How have you contributed to the advances of the private space industry?
One of my earliest and to-date most significant contributions is setting up the Global Space and Technology Convention. We started it 14 years ago – creating a platform for high-level dialogues, meaningful G2G, B2G and B2B connections and a marketplace to stimulate the then-fledgling space industry. Fourteen years on, it has earned the reputation as the one major Asia space industry platform that the world cannot miss.
I also worked with my team to launch Singapore’s very first accelerator programme for space startups. In two years, the programme has 37 companies from 17 countries that cover every region in the world – from the US and Europe to Japan, India and Singapore. The combined valuation of the companies stands at close to 800 US million dollars, with a CAGR of over 60%. A testament to the quality of the startups, over 38% of the portfolio is already receiving institutional investment.

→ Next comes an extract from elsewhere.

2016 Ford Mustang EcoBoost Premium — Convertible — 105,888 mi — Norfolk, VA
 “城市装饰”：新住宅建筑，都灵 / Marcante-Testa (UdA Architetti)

The most recent is the newly established Space Faculty. This is going to be a game-changer for the industry because it is coming at the perfect time when the world is looking to space for answers to life on earth — from the Internet of Things and connectivity to climate change.
Do you have a particular memory that sticks out in your mind about any gender-based discrimination you have faced?
I have certainly been told to do, say or feel something because I am female. Perhaps it’s these seemingly little instances that are the most insidious because you often bat it away as a once-off, but eventually, they resurface.
There are so many expectations that are set for our gender and these cut across culture, ethnicity, culture and industry.
That is why I make a conscious choice as much as possible to be a supporter, mentor or champion to other women in space because it certainly is time for us to change the gender dynamic for the better.
Why is it important to have women in space?
It is well-established that diversity is an asset – in any situation. This is no different in the space sector.
The fact that we sometimes have to justify gender diversity is in and of itself a statement of a very deep, systemic imbalance.
How did your education at INSEAD help boost your career?
In the field that I work with, we deal with international partners, and I felt that it was very important to pick a programme that genuinely provided me with an international education, could teach me about cultural diversity, about the latest developments in business management and that also goes into the roots of basic business fundamentals.
I found that many of the women in my Tsinghua-INSEAD Executive MBA (TIEMBA) class had experience in leadership. We have experience in going after our visions and dreams, but felt that our knowledge perhaps was a little patchy and could benefit from a structured way of understanding the business world. That’s why I joined the programme, and many of the women I met during the TIEMBA enrolled for similar reasons.
What I realised along the journey was that the reasons men joined the programme were vastly different. There’s a lot of talk about networking, but we realised that men and women come from different places when they want to pursue some of these executive programmes.
And I want to encourage more women not to doubt their reasons for pursuing higher education, but to really go forth because they feel they need it in their professional career or even in their personal journey.
INSEAD has opened my eyes to new ways of doing business, because it is so very current with its syllabus. It has opened up new ways for me to accelerate my business, and I can say confidently that because of the TIEMBA, my team, my management, and my business has seen so many positive benefits.
What advice would you give to ambitious young women in space?
Decide the life you want and live it. You can have your cake and eat it – with the right mindset.
Don’t be constrained by concepts like “compromise” and “negotiation”. I often hear these words associated with women’s careers and family needs. We don’t hear men talking about their careers, family lives and personal passions in the same way.